Fast Food Nation | Teen Ink

Fast Food Nation

February 9, 2009
By Anonymous

Fast Food Nation

After producing the largest feedback of any work published in Rolling Stone in the early 1990's, Schlosser's two-page spread on the fast food industry became an all encompassing novel that exposed the not so happy history behind the 'happy meal' and other fast food products and phenomena. Probing much deeper than most Americans can sometimes stomach, Eric Schlosser's novel Fast Food Nation takes the reader on a journey that reveals just how far fast food has altered life as we know it. The novel picks up in 1937 in Anaheim, California where Schlosser describes the creation of the first fast food restaurant, 'McDonalds Speedee Service System' and how it quickly changed the times, from the demographics of the consumers in the restaurant industry to the construction of the California interstate highway system. Schlosser continues to expose how in the next 60 years fast food has touched all aspects of life, with the informative style of an experienced journalist supported by intense research and statistics, but still kept interesting with his use of personal anecdotes from those whose lives have been most directly shaped from the fast food industry, ranging from corporate executives to illegal immigrant factory workers.

It seems Schlosser's main motivation for his novel was to show the general population the many consequences of their actions every time they eat fast food from unhealthy weight gain to supporting a regime that exploits the rugged, individualist farmers that started our nation. Schlosser goes on to point out that these are only a few of many negative effects of the fast food industry, from the industrialization of the farms and meat packing plants to the uniform management of the low skilled restaurant employees. As Schlosser continues to expose the dark side of the fast food industry he makes some serious charges against corporate executives from the major fast food companies; advertising to children, severely restricting the freedom of franchise owners, abusing a labor pool of young, inexperienced immigrants by refusing to offer benefits, and replacing workers before any sort of unionization can develop. Digging deeper, Schlosser unveils that while companies are often committing the worst abuses to their adolescent employees in order to increase profits, they are at the same time receiving billions of dollars in subsidies from the government for absent 'training'.

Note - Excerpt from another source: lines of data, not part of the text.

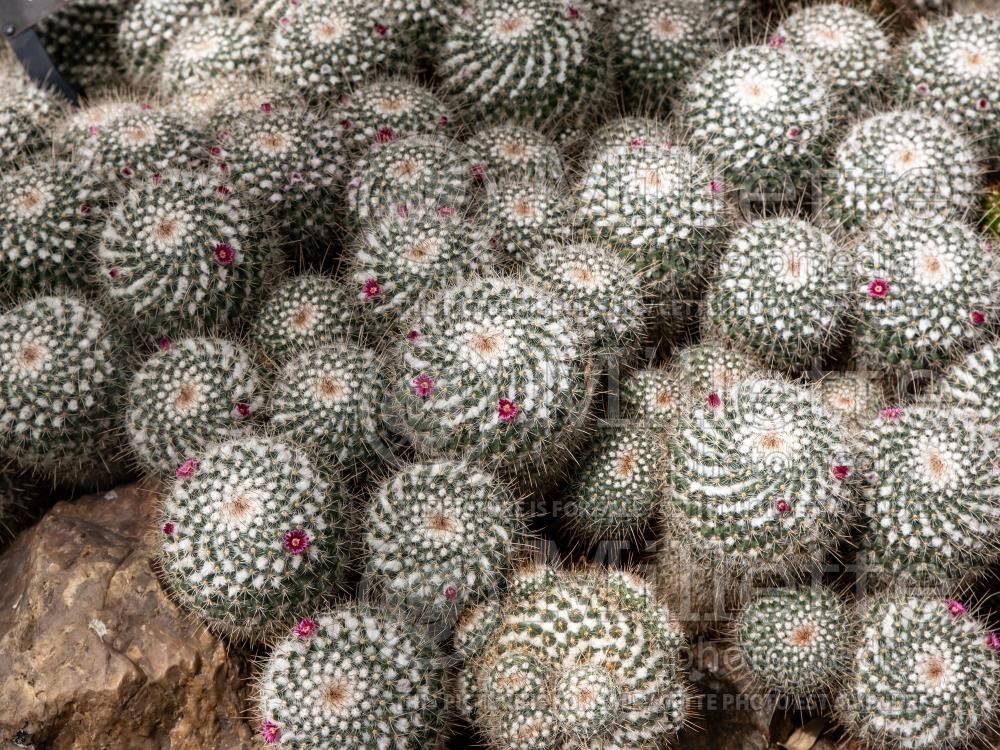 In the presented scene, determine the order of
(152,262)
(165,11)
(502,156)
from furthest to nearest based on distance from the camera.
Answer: (165,11) → (502,156) → (152,262)

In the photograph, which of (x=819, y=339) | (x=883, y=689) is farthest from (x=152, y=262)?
(x=883, y=689)

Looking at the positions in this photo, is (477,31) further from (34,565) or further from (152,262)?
(34,565)

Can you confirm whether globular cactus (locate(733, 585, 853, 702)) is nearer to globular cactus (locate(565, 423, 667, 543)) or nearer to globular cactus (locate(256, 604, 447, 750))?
globular cactus (locate(565, 423, 667, 543))

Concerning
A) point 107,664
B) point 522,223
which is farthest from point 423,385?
point 107,664

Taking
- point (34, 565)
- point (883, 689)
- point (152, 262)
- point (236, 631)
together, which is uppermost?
point (152, 262)

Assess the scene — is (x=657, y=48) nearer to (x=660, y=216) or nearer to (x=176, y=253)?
(x=660, y=216)

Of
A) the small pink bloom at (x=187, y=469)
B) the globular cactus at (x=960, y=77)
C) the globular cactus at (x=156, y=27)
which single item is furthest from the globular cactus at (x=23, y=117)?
the globular cactus at (x=960, y=77) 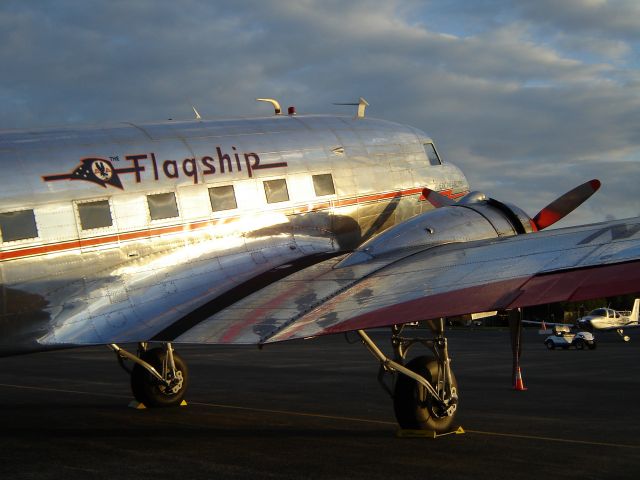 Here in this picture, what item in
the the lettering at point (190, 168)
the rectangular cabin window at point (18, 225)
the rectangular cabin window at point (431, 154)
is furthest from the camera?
the rectangular cabin window at point (431, 154)

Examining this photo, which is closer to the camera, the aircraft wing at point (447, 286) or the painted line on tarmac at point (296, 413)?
the aircraft wing at point (447, 286)

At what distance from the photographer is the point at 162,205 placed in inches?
521

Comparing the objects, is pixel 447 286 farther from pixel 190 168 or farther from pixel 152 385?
pixel 152 385

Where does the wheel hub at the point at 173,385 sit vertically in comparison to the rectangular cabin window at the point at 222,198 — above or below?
below

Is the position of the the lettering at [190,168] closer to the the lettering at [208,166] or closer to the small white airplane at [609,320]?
the the lettering at [208,166]

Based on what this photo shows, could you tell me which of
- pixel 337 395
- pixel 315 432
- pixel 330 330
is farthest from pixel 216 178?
pixel 337 395

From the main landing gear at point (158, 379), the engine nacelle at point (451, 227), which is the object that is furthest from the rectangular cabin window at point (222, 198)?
the main landing gear at point (158, 379)

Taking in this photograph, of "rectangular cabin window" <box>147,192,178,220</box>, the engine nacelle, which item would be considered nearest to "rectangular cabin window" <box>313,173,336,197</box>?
the engine nacelle

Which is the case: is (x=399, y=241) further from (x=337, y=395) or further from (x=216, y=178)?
(x=337, y=395)

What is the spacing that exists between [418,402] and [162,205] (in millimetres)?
4984

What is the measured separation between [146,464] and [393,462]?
320 cm

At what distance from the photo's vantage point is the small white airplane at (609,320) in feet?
185

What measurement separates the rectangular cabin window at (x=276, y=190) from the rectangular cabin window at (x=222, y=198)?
67 cm

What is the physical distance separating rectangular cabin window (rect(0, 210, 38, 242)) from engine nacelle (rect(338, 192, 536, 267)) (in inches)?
176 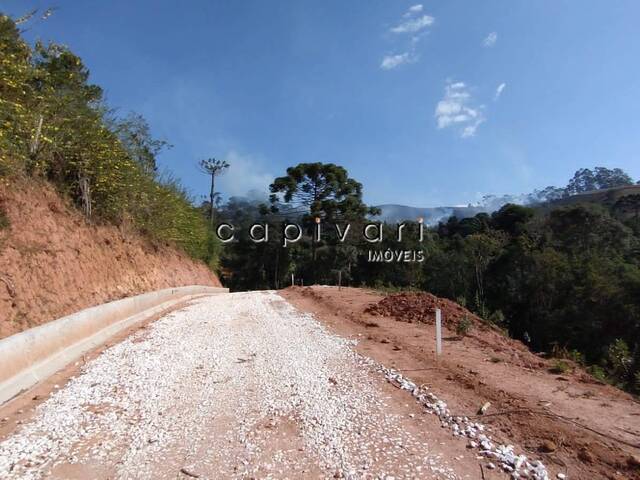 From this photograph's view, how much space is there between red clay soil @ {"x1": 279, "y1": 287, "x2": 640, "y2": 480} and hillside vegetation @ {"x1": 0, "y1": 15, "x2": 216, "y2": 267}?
6.63 metres

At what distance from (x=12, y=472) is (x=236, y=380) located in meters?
2.48


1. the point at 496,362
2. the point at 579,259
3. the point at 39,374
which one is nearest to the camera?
the point at 39,374

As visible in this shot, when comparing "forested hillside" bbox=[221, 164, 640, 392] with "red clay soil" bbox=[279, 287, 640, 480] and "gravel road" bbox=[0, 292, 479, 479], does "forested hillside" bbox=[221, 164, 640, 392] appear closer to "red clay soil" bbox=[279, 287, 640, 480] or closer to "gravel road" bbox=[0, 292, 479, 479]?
"red clay soil" bbox=[279, 287, 640, 480]

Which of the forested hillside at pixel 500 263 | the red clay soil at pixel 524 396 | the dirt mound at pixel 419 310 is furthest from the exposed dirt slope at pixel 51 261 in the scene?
the forested hillside at pixel 500 263

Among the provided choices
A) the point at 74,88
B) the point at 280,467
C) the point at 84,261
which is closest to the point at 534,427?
the point at 280,467

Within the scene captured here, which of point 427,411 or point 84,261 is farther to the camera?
point 84,261

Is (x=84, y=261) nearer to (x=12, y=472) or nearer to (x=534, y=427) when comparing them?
(x=12, y=472)

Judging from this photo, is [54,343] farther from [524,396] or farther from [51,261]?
[524,396]

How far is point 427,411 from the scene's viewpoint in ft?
14.1

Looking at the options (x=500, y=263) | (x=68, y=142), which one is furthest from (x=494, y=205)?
(x=68, y=142)

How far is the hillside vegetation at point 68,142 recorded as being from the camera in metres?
6.95

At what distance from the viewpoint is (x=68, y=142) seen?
9141mm

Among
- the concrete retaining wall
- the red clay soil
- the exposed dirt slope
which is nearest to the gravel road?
the concrete retaining wall

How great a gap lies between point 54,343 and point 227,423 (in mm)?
3098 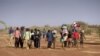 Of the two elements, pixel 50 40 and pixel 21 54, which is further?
pixel 50 40

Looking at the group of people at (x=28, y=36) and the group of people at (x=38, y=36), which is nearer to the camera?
the group of people at (x=28, y=36)

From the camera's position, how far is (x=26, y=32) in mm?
22734

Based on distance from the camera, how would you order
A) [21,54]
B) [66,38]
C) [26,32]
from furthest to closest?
[66,38] → [26,32] → [21,54]

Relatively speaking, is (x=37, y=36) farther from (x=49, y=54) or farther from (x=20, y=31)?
(x=49, y=54)

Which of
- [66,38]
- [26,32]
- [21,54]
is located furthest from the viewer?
[66,38]

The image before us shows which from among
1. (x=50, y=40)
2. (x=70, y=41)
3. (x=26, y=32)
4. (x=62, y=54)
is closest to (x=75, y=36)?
(x=70, y=41)

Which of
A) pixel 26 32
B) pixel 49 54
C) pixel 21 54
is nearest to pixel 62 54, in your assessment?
pixel 49 54

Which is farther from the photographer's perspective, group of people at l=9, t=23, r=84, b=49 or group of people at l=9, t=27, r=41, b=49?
group of people at l=9, t=23, r=84, b=49

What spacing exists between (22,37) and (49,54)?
4.53 meters

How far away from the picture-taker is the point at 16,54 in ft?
63.0

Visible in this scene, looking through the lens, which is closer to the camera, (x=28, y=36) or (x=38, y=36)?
(x=28, y=36)

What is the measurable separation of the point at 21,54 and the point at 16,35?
184 inches

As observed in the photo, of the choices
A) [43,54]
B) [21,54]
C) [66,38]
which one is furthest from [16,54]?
[66,38]

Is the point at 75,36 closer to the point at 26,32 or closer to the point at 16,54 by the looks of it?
the point at 26,32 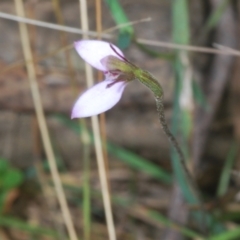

Schlosser's argument that the food industry is willingly putting people at risk to make a higher profit is cemented with such concrete facts and gut wrenching images that make even the 'heavy consumers' think twice about ordering their next Big Mac. Facts like since the 1960's when meat-packing plants were updated with assembly lines to allow for the hire of less skilled workers, one individual hamburger patty is easily made up of meat from hundreds of cows creating more danger than is realized of becoming ill or even dying from E. coli. Schlosser's novel in general stands out in that it is the most researched, supported, and technical novel up to date exposing the underpinnings of the fast food industry, while still remaining an easy read for the general populous.